Ce sont hémopathies malignes ou cancers du sang ...

 C’est une hémopathie maligne ou cancer du sang qui se développe à partir des tissus lymphoïdes, le plus souvent dans les ganglions lymphatiques. Contrairement aux leucémies, le point de départ de la prolifération est périphérique, c'est à dire en dehors du thymus et de la moelle osseuse.

C'est une prolifération maligne d'un seul clone de cellules, d'où le terme de monoclonal, de cellules appartenant aux lignées lymphocytaires B (85%)ou T (15%) à différents stades de différenciation et d’activation.

Tous les organes du système lymphoïde, ganglions lymphatiques, rate, amygdales, tube digestif, poumon, peau peuvent être atteints, d'emblée ou secondairement par la maladie.

Les lymphomes peuvent se voir à tout âge. Chez l'enfant, ils représentent 10 % des cancers.

Chez l'adulte, âge médian est de découverte est 55 ans.

Estimation du nombre de nouveaux cas des hémopathies malignes en France en 2012

HommesFemmes
HémopathiesNombre de casHémopathiesNombre de cas
LLC 2600 Myélome 2400
Myélome 2550 SMD 2000
LDGCB 2500 LLC 1700
SMD 2100 LDGCB 1600
LAM 1900 LAM 1250

LDGCD = lymphome à grandes cellules B; SMD = syndrome myélodysplasique; LF = lymphome folliculaire; LLC leucémie lymphoïde chronique; LAM = leucémie aiguë myéloblastique

Un groupe de maladies hétérogène de pronostic variable...

Les lymphomes forment un groupe de maladies hétérogène de pronostic variable qui dépend de plusieurs facteurs :

  • L'aspect histologique : niveau de la destruction de l'architecture normale du ganglion lymphatique par la prolifération maligne qui peut toucher, soit uniquement les follicules, soit être diffuse à tout le ganglion
  • L'aspect des cellules : petites cellules matures ou grandes cellules jeunes immatures
  • Les caractéristiques immunologiques/phénotypiques de la prolifération maligne : lymphomes à cellules de phénotype B, dans environ 85 % des cas ou lymphomes à cellules de phénotype T.

Les lymphomes comprennent :

  • Les lymphomes hodgkiniens ( maladie de Hodgkin) , présentés dans un dossier spécifique du site InfoCancer
  • Les lymphomes non hodgkiniens (LNH)

Une incidence en hausse...

DANS LE MONDE

L'incidence des LNH est estimée, dans les pays occidentaux, à 13 nouveaux cas par an pour 100 000 habitants.

Le type de lymphomes est variable selon les pays.

  • L'incidence des lymphomes B est plus importante en Europe et aux États-Unis et représente 80 % des cas diagnostiqués, les lymphomes T, ne représentant que moins de 20 % des cas
  • L'incidence des lymphomes T est beaucoup plus élevée, 50 à 70 % des cas, en Asie et surtout au Japon.

EN FRANCE

C'est une des tumeurs dont la fréquence augmente le plus, son incidence ayant pratiquement doublée en vingt ans.

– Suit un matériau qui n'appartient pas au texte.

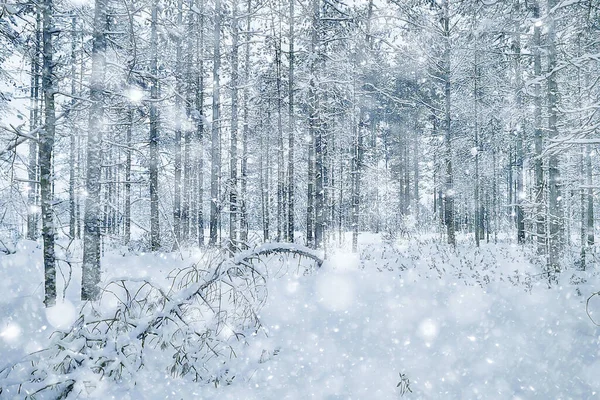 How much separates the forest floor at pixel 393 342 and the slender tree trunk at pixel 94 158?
0.69 meters

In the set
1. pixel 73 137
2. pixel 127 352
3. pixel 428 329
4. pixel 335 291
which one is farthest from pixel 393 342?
pixel 73 137

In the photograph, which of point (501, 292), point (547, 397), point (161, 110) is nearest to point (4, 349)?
point (547, 397)

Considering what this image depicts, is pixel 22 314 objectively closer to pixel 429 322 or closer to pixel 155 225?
pixel 429 322

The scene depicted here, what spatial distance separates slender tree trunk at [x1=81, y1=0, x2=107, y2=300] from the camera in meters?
7.11

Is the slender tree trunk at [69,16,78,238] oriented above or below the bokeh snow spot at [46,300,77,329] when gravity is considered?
above

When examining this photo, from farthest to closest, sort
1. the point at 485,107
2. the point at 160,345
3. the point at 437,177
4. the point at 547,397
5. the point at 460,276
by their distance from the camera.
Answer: the point at 437,177 < the point at 485,107 < the point at 460,276 < the point at 160,345 < the point at 547,397

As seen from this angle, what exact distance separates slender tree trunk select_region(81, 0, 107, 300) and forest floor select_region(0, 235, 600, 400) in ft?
2.25

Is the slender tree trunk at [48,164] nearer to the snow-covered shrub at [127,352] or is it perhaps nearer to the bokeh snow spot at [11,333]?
the bokeh snow spot at [11,333]

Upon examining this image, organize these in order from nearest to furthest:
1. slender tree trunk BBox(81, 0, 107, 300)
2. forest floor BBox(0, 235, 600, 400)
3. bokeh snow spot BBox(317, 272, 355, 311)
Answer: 1. forest floor BBox(0, 235, 600, 400)
2. bokeh snow spot BBox(317, 272, 355, 311)
3. slender tree trunk BBox(81, 0, 107, 300)

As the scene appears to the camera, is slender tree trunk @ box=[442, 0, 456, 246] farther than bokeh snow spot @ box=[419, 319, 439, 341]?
Yes

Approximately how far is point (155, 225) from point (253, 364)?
13.3 meters

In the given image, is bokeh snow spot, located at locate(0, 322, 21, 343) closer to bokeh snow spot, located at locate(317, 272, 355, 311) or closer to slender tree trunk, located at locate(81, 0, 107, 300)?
slender tree trunk, located at locate(81, 0, 107, 300)

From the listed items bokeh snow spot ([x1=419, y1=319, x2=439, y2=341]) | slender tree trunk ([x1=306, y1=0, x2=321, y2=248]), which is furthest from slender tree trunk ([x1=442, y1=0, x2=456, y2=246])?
bokeh snow spot ([x1=419, y1=319, x2=439, y2=341])

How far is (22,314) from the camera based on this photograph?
587 centimetres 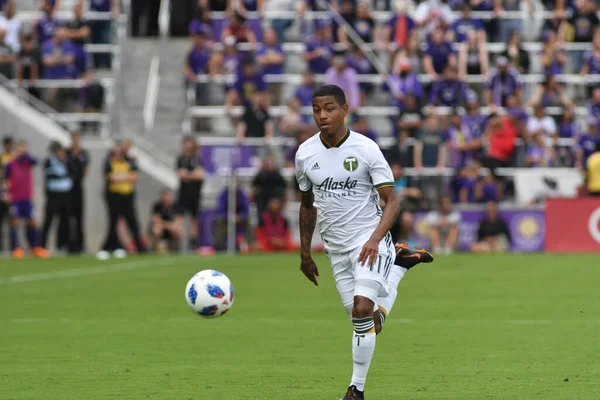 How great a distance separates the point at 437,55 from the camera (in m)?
28.2

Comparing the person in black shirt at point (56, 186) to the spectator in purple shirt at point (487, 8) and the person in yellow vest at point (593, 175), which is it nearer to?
the person in yellow vest at point (593, 175)

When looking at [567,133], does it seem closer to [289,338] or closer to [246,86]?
[246,86]

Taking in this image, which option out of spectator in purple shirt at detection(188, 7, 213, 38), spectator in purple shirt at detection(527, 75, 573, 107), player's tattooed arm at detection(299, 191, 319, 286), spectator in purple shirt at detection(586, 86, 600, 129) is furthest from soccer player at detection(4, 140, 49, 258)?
player's tattooed arm at detection(299, 191, 319, 286)

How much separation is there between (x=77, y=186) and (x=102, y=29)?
19.9 ft

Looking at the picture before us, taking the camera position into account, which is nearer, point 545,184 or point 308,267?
point 308,267

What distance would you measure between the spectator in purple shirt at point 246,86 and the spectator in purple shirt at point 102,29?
368cm

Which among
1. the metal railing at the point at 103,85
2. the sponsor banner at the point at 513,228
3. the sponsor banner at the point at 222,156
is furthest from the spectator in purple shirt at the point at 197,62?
the sponsor banner at the point at 513,228

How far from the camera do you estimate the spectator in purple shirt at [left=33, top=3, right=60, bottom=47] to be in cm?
2872

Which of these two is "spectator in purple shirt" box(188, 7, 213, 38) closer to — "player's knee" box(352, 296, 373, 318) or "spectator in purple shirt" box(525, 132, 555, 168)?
"spectator in purple shirt" box(525, 132, 555, 168)

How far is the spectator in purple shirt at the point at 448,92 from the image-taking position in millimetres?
27650

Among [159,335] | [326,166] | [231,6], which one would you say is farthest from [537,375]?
[231,6]

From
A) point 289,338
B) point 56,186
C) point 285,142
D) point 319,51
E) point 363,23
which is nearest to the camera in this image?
point 289,338

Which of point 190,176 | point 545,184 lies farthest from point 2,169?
point 545,184

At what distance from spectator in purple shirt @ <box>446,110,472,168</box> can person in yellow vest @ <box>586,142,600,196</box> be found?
2.82 metres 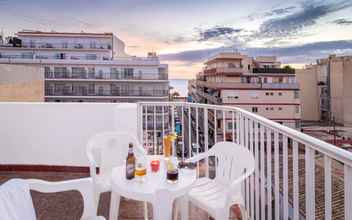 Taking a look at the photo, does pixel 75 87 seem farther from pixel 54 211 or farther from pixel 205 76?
pixel 54 211

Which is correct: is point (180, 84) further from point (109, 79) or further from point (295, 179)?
point (295, 179)

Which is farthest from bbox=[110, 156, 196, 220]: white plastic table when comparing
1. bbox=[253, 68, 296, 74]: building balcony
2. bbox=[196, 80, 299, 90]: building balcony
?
bbox=[253, 68, 296, 74]: building balcony

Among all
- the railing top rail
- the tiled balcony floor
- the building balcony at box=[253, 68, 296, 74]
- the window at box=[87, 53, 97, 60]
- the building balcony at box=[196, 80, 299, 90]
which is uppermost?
the window at box=[87, 53, 97, 60]

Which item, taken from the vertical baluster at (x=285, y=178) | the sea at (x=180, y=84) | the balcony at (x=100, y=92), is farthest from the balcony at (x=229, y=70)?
the vertical baluster at (x=285, y=178)

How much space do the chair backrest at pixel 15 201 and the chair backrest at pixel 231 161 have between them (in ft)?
4.49

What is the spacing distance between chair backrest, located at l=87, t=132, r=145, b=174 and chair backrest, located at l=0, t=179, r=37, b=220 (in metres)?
1.14

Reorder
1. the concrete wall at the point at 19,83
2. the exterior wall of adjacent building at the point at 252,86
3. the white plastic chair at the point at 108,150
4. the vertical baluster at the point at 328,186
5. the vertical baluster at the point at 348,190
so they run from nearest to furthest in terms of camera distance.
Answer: the vertical baluster at the point at 348,190 → the vertical baluster at the point at 328,186 → the white plastic chair at the point at 108,150 → the concrete wall at the point at 19,83 → the exterior wall of adjacent building at the point at 252,86

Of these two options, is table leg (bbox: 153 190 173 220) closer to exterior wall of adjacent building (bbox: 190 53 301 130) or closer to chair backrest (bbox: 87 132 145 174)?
chair backrest (bbox: 87 132 145 174)

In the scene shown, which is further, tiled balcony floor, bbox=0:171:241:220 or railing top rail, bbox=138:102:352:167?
tiled balcony floor, bbox=0:171:241:220

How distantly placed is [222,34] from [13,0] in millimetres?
9944

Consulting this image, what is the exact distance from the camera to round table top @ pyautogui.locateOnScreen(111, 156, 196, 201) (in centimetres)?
184

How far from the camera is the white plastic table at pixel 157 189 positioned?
5.93 ft

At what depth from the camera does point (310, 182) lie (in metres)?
1.51

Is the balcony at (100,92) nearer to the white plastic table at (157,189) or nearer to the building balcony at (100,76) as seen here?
the building balcony at (100,76) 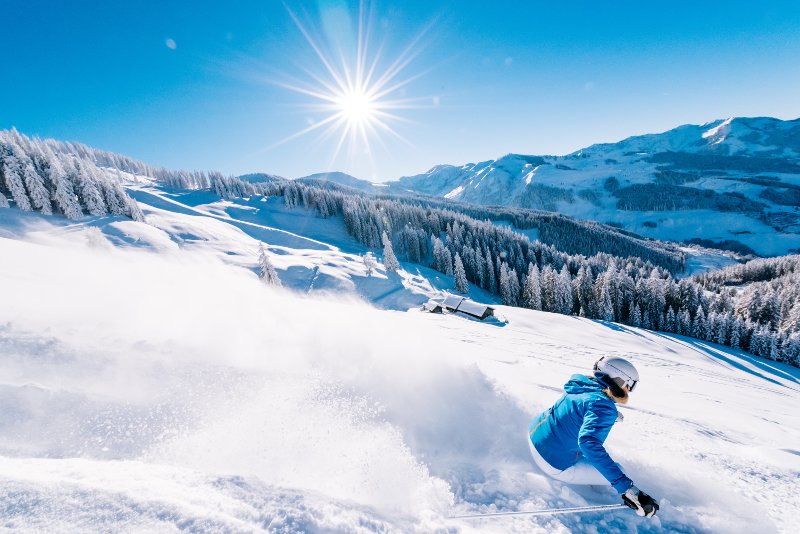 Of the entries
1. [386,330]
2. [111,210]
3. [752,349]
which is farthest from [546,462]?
[111,210]

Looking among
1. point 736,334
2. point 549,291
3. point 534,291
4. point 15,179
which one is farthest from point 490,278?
point 15,179

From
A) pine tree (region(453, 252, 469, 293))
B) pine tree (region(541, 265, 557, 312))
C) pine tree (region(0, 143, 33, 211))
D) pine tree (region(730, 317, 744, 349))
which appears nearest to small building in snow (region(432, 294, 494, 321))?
pine tree (region(453, 252, 469, 293))

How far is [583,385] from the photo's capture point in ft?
14.3

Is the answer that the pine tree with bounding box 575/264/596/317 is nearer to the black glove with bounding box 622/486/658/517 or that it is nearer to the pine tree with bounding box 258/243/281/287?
the pine tree with bounding box 258/243/281/287

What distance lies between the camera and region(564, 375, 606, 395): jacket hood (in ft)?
14.0

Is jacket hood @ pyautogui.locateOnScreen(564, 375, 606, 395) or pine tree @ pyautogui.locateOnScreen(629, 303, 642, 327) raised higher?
jacket hood @ pyautogui.locateOnScreen(564, 375, 606, 395)

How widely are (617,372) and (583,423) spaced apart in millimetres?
887

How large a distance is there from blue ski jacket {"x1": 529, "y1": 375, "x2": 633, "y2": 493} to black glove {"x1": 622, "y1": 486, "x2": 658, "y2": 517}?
97 millimetres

De ce fait, les lymphomes sont, maintenant, au sixième rang des localisations de cancers.
Les causes de cette augmentation ne sont pas connues avec précision mais des facteurs de l'environnement sont suspectés, comme les dioxines, les pesticides..

Ils représentent 3 % des cancers. L’incidence annuelle, pour 100 000, était, en 2010, de 10,9 cas chez les femmes  et de 15,9 cas chez les hommes soit environ 11 000 nouveaux cas.
L’incidence augmente après l’âge de 65 ans, mais ces maladies peuvent s’observer à tout âge, y compris chez l’enfant et l’adolescent.
Chez l’adulte, il existe une légère prédominance masculine (54 % des cas). L’âge médian lors du diagnostic est de 64 ans chez l’homme et de 70 ans chez la femme.

Le pronostic global est très variable selon les différentes formes histologiques.